After assessing the forces operating in an industry, the strategist is in a position to protect the company from hostile environmental forces or to take advantage of them, whichever is most appropriate. Such a study, when carefully done, opens up all sorts of possibilities from which the strategist must choose.

According to him, the critical data to be collected in relation to industry analysis are tabulated below:

1. Product lines

2. Buyers and their behaviour

3. Complementary products

4. Substitute products

5. Growth: Rate/Pattern (seasonal, cyclical)/Determinants

6. Technology of production and distribution: Cost structure/Economies of scale/Labour/ Value added/Logistics.

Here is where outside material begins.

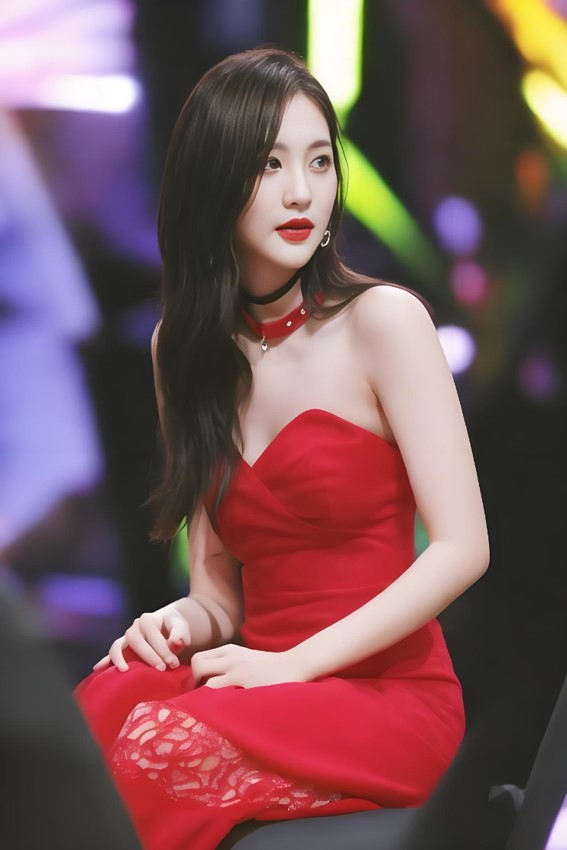 斯慕网络调教(网调)细节教程(二)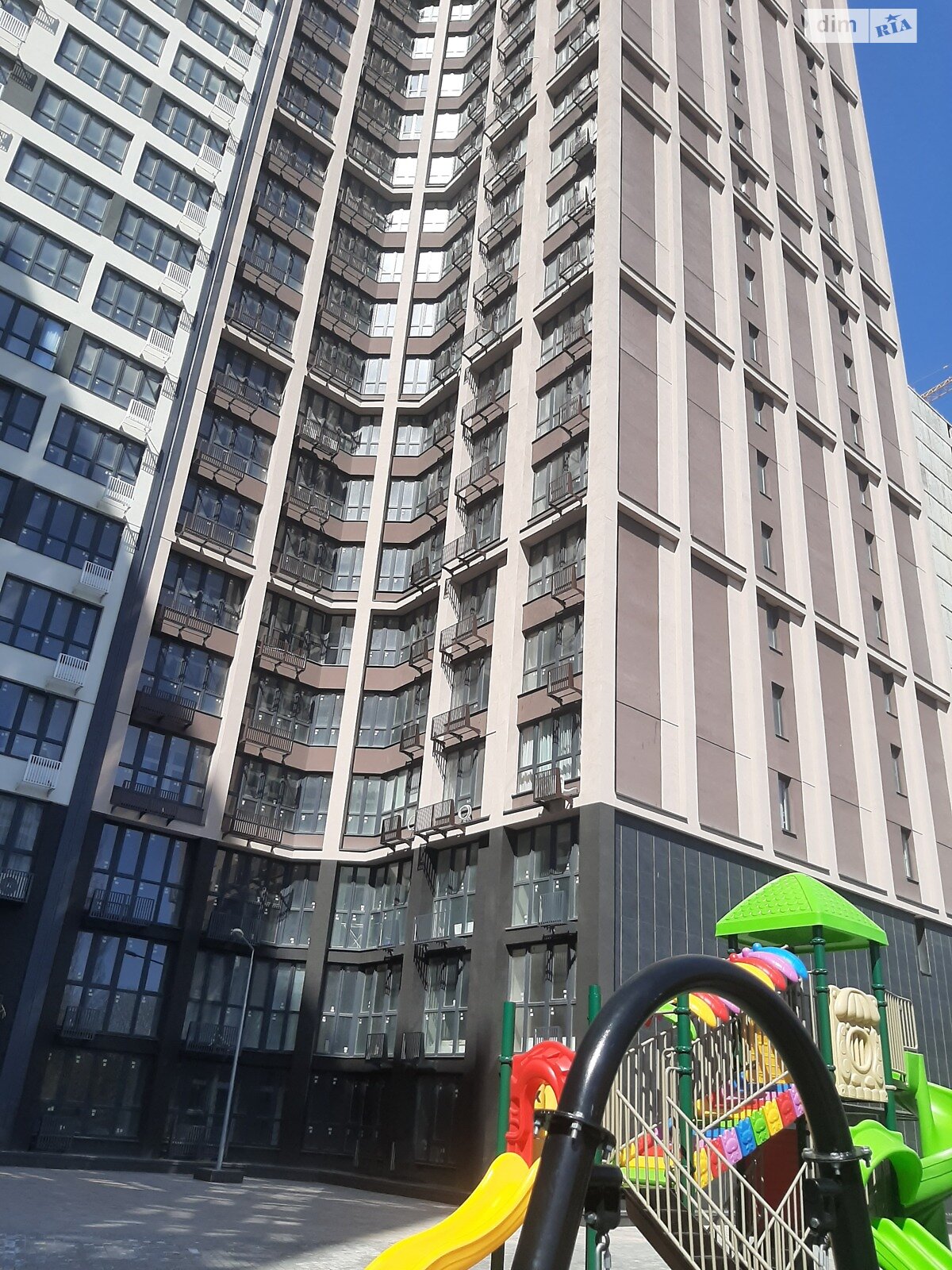 Продажа однокомнатной квартиры в Одессе, на ул. Ивана Франко, район Большой Фонтан фото 1 Продажа однокомнатной квартиры в Одессе, на ул. Ивана Франко, район Большой Фонтан фото 1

7. Marketing and Selling: Market segmentation/Marketing practices

8. Suppliers

9. Distribution channels (if indirect)

10. Innovation: Types/Sources/Economies of scale/Rate

11. Competitors: Strategy/Goals/Strengths and weaknesses/Assumptions

12. Social, political, and legal environment

13. Macro-economic environment.

Q.13. What are the various factors having strategic implications?

Ans. Corporate appraisal of long- established management procedures covering various functional elements, when undertaken by conscientious managers, provides a host of factors of strategic importance—some of them are strong points which are needed to be properly exploited to a firm’s advantage and some are weak ones needing rectification.

This exercise, according to Denning, leads to formulation of a ‘capability profile’ for each of a firm’s activities. This relates a firm’s particular strengths and weaknesses to the businesses it is in, thus providing a basic guide for further action through strategy identification and implementation for the ultimate goal of business success.

However, a hypothetical list is given below:

Factors and Strategic Implications


Q.14. What do you understand by corporate capability profile?

Ans. Corporate capability profile refers to the state of present position obtained after due assessment and evaluation of corporate strengths and weaknesses. According to Denning, a capability profile of a firm for each of its activities can be prepared by means of corporate appraisal.

This relates a company’s particular strengths and weaknesses to the businesses it is in, and thus, providing a basic guide for further action. For capability profile, strong and weak points should be identified where possible—using market research, internal opinion, and company results as the sources of data.

For example:

One company may be particularly effective in its customer service, another may be excellent at physical distribution. It may be possible for one company to utilise design skills more skilfully than its competitors. Another may have a particular or unique marketing flair.